To accompany my series of articles investigating storing and retrieving the digits of PI from distributed storage, I will be posting relevant/supporting stuff of a more technical nature on this page, to avoid bloating the articles.

PART 1 – Link

Part 1 investigates obtaining the digits from the website and briefly looks at the efficiency of how they can be stored.

My server / Disk setup

At (currently) 50 Trillion Digits, at least 20TB+ of storage is required just to store the compressed digits, but if I am to split/recode these into smaller files for distribution, I will probably require at least 2-3x this amount of space.

It so happens that the only server I have with this sort of storage has 10x16TB HDDs which I have configured with Software RAID 6. So this effectively gives me the capacity of 8 disks with redundancy (party) of 2. So that’s 8*16TB = 128 TiB raw unformatted storage. As you can see, by the time it is formatted and converted to TB instead of decimal aligned TiB, it gives me 116TB which should still be more than enough.

# df -h /cacheraid
Filesystem Size Used Avail Use% Mounted on
/dev/bcache0 116T 38T 73T 35% /cacheraid

The reason it is set up as cacheraid is that I am currently exploring bcache solution which caches smaller files on SSD but since these files are gonna be large it wont make any difference at all.

Calculating Efficiency of Storage

You may have noticed my ‘efficiency’ ratings of the different file format storage methods. Here is my explanation of these;

There are 8 Bits in a Byte of storage, so each Byte can store any value from 0-255 (0-FF hexadecimal). As stated, the most efficient way to store the data would be in Binary format as it is calculated, but since its not possible to just convert a subsection of digits from one number base to another (unless one is multiple of another), so we need to store the decimal digits themselves.

This efficiency is calculated as number of decimal digits / log (256), 256 being the number of different values that can be stored in a Byte.

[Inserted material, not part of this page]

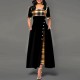 Buttoned Plaid Stitched Mid sleeve Long Dress - Black image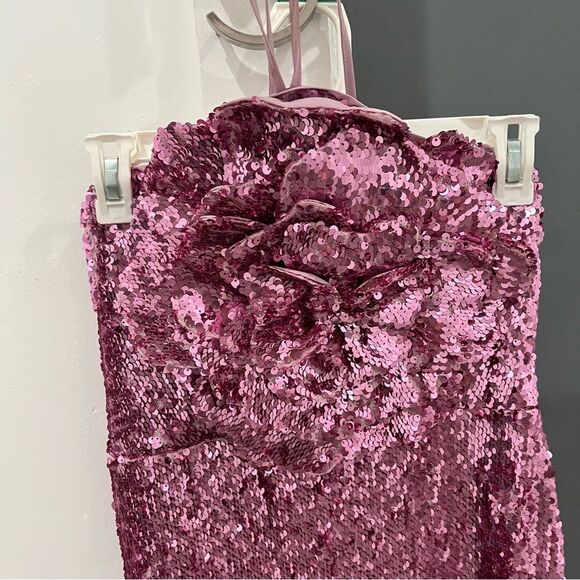 Lovers and Friends Maxi Dress Pink Sequin Lilium Gown Rosette Floral size XS - Picture 5 of 12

To store 1 decimal place (0-9) in each Byte (0-255) gives an inefficiency of 41.5%. This would be incredibly wasteful as discussed.

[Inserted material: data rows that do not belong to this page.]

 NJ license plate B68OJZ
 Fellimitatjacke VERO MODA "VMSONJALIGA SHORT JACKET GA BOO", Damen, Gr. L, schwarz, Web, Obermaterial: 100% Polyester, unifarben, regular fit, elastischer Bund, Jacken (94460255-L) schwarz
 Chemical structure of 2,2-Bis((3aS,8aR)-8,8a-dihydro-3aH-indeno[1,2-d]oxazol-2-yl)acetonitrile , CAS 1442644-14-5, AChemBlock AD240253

BCD stores 2 decimal places in each byte so is double the efficiency of single digits (83%) and has other benefits mentioned.

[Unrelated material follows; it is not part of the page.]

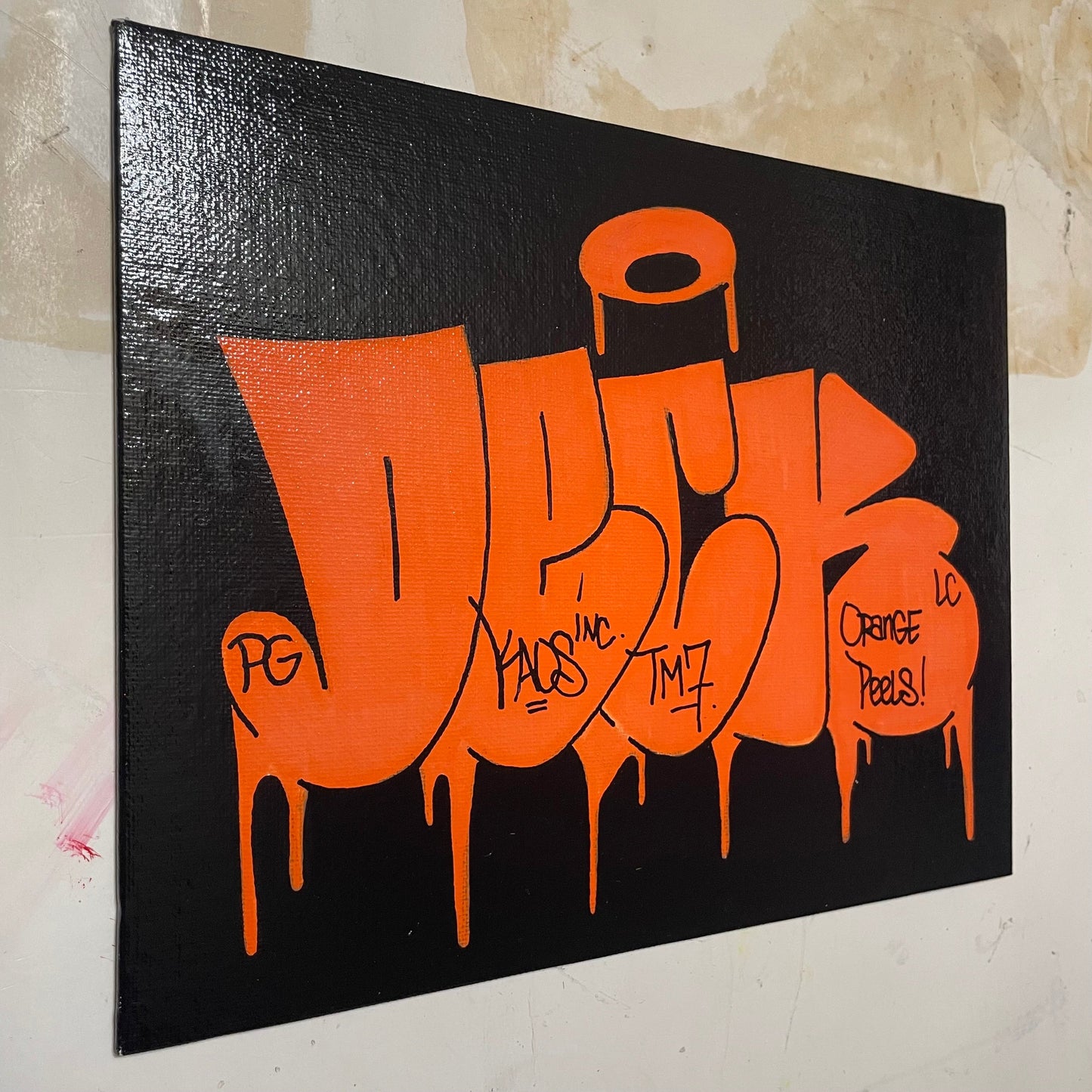 "Orange Peels" DECK Throwie 10" by 8" Canvas Panel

The default method of y-cruncher is 19 digits per 64-bit (8 Byte) chunk which is 98.62% efficient.

I am choosing 12 digits per 40-bit (5 Bytes) chunk which is 99.66% efficient.

(The only combination I could find more efficient than this without getting ridiculous is 77 digits per 256-bit (32-Byte) chunk which would give nearly a 99.92% efficiency. However as this exceeds the standard 64-Bit maths operations, the extra complication is not worth it).


Getting the files

So I downloaded all the files in turn with the following batch command:-

n=0 ; while [ $n -le 49 ] ; do  wget$n.ycd ; n=$(( $n + 1 )) ; done

And I renamed them to simpler filenames

n=0 ; while [ $n -le 49 ] ; do  mv "Pi%20-%20Dec%20-%20Chudnovsky%20-%20$n.ycd" pi$n.ycd ; n=$(( $n + 1 )) ; done

Converting the files

Then I tried converting all the chunks into ASCIi format using the built-in functionality of y-cruncher. Unfortunately, it bombed out after 17 trillion digits. I neglected to note the exact error, but that is more than enough digits to work with for now anyway.